Problem to work on — Skip the pictures. Output only the lines below starting at the line with "GISELLE ROLDAN online" and ending at the line with "Cintres bois clair", both ends included, exactly as they are.
----- Given records
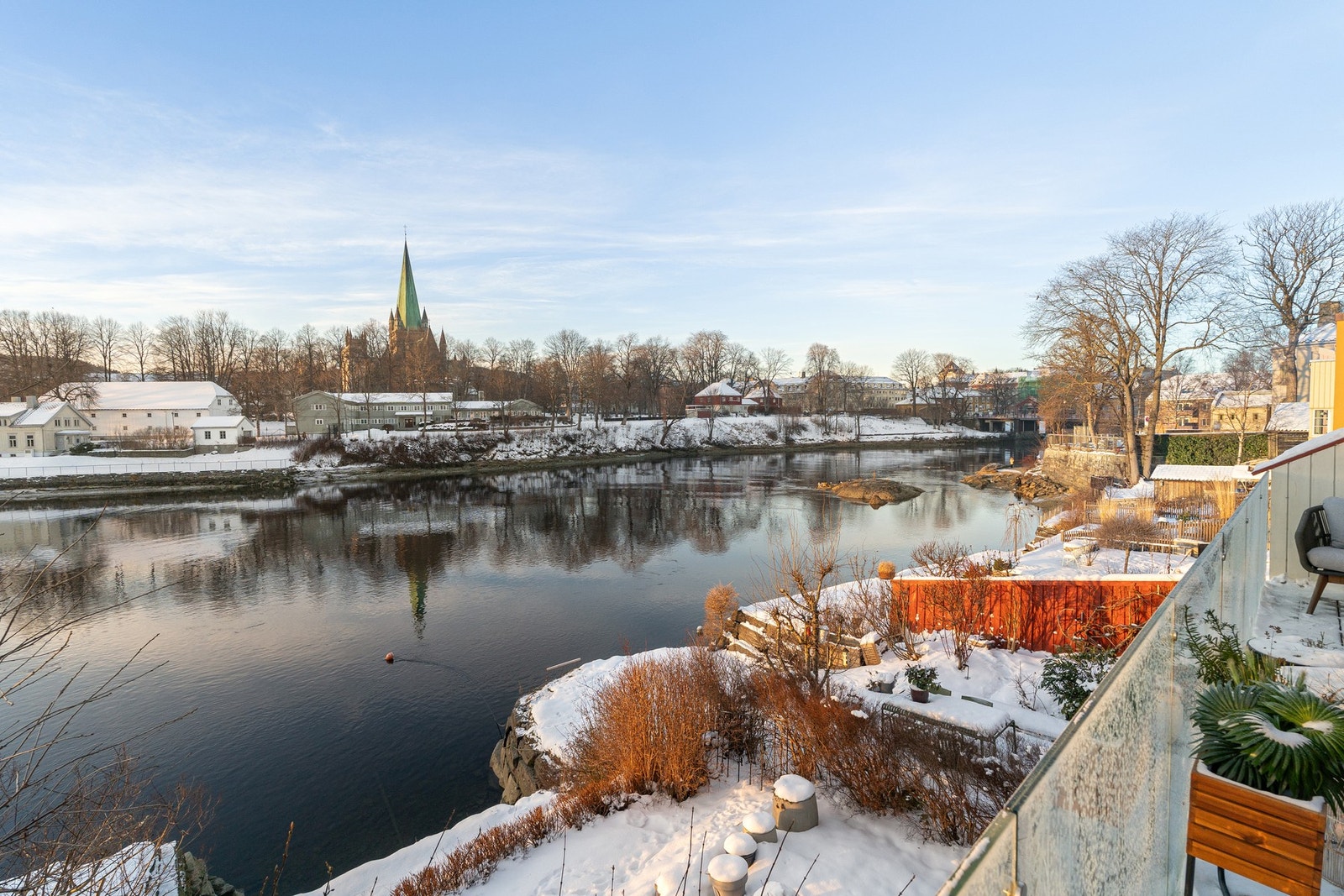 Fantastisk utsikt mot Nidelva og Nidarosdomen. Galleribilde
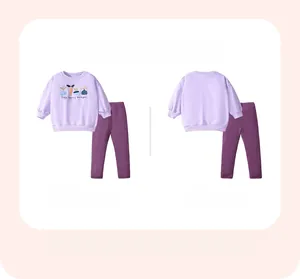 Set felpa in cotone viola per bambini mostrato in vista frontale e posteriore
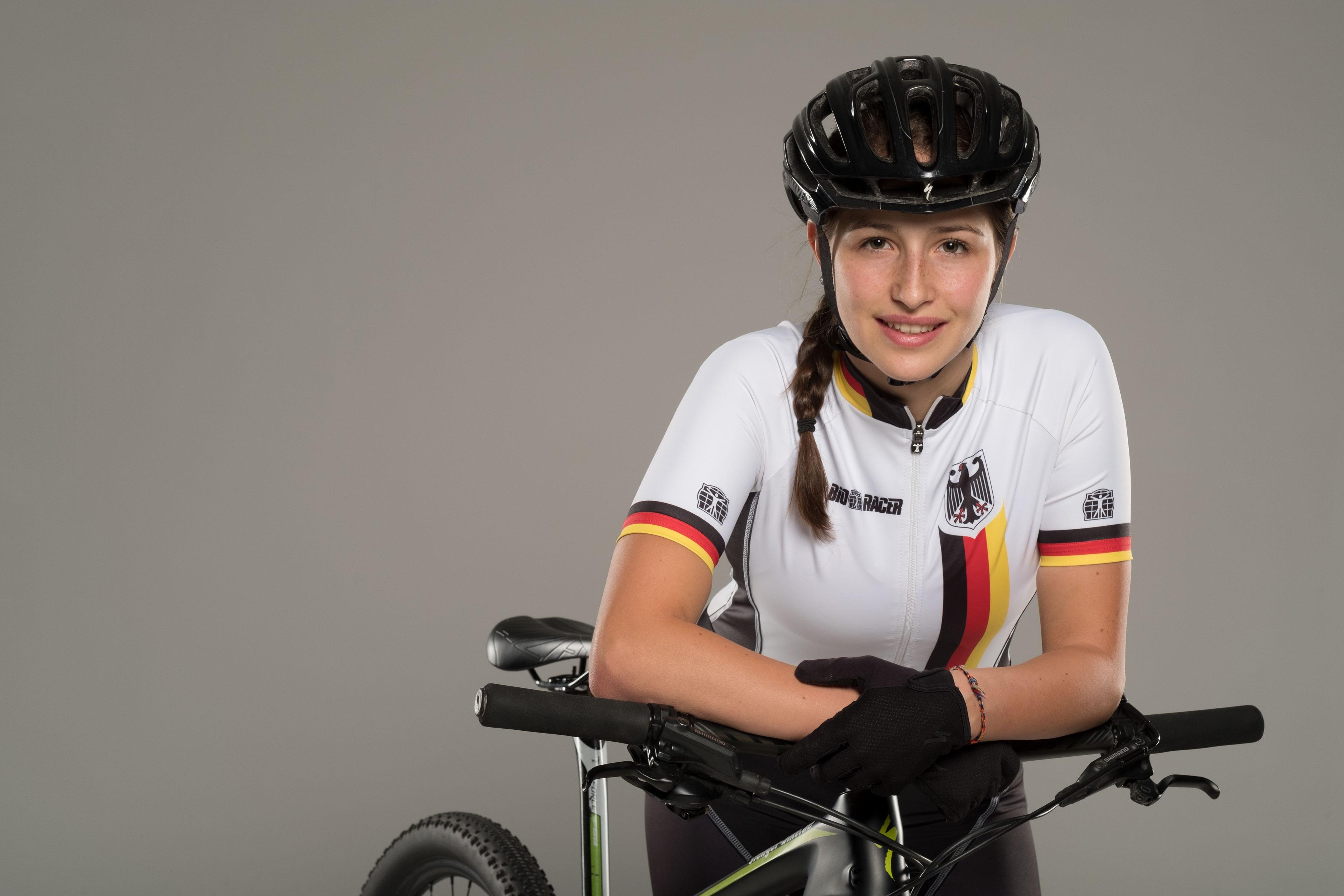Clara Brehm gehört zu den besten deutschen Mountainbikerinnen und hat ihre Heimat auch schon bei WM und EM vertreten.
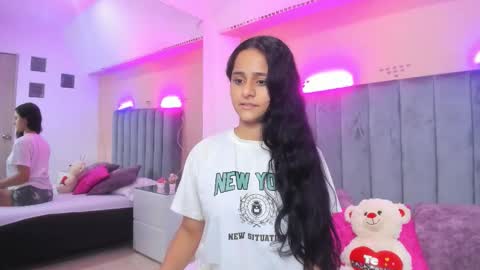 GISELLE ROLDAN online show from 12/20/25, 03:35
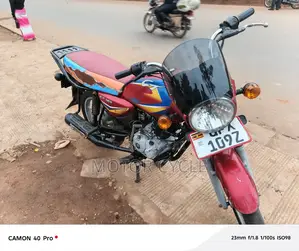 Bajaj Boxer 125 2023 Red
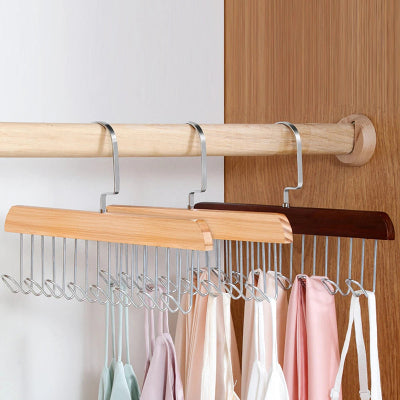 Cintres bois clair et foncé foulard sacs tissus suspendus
----------
----- Given records
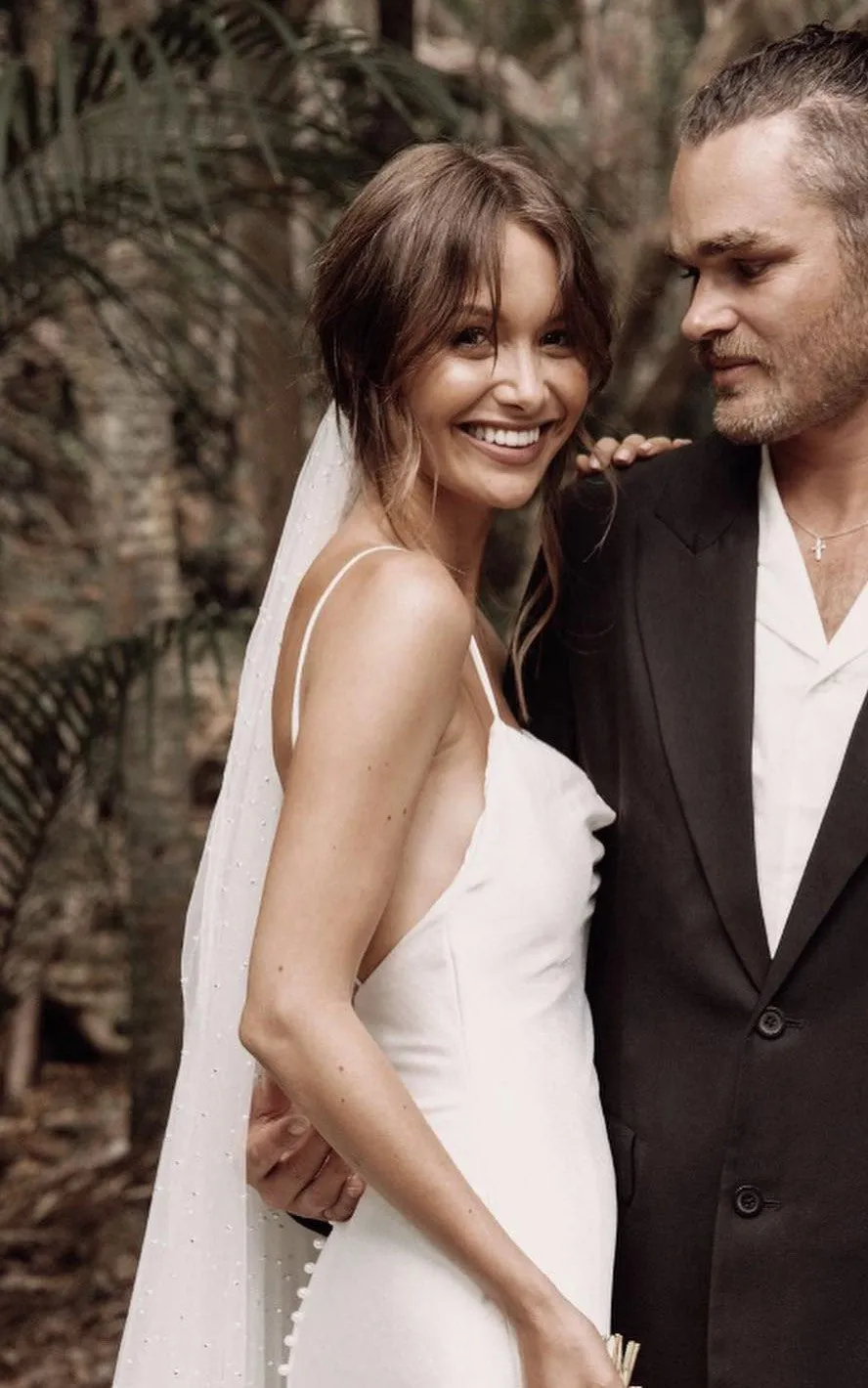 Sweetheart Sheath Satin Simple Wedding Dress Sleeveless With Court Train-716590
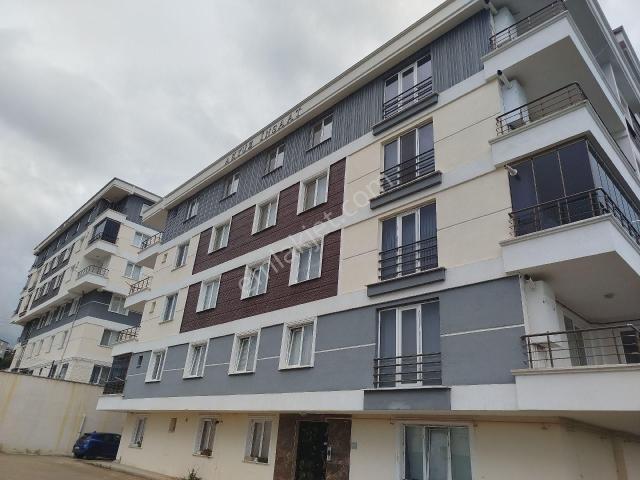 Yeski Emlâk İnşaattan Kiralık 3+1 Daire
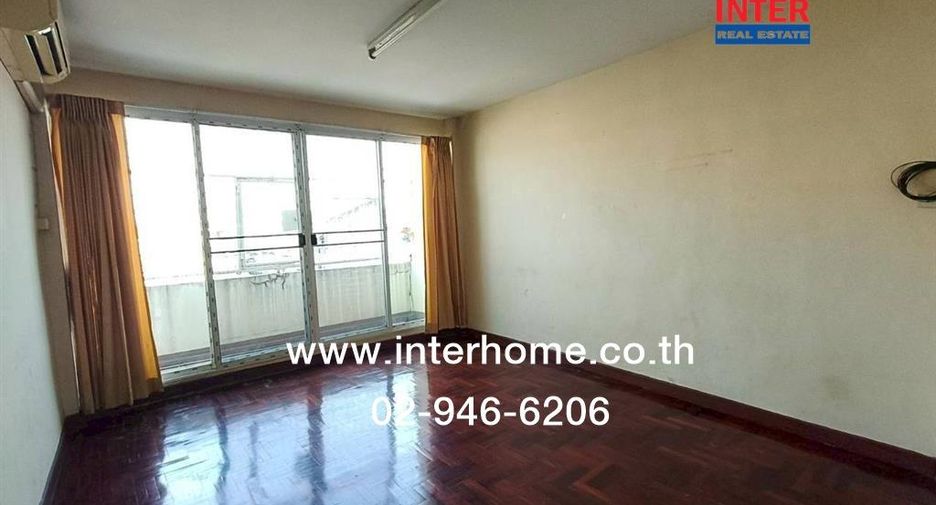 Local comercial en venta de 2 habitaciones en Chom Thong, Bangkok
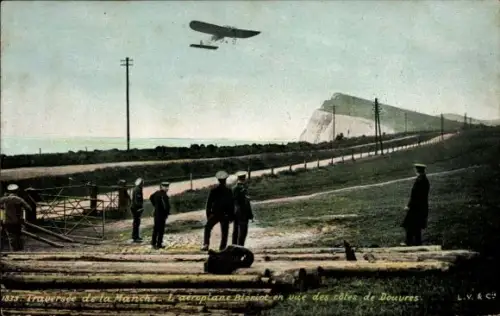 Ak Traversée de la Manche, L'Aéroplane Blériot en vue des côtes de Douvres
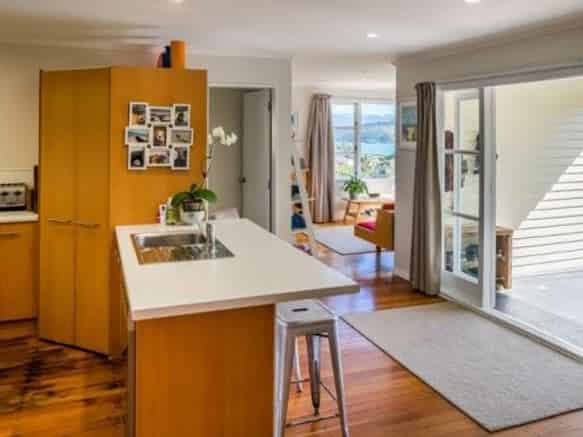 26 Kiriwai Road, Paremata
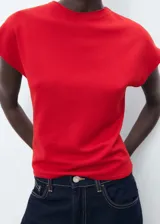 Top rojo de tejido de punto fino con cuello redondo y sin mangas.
----------
Written answer —
 GISELLE ROLDAN online show from 12/20/25, 03:35
 Bajaj Boxer 125 2023 Red
 Cintres bois clair et foncé foulard sacs tissus suspendus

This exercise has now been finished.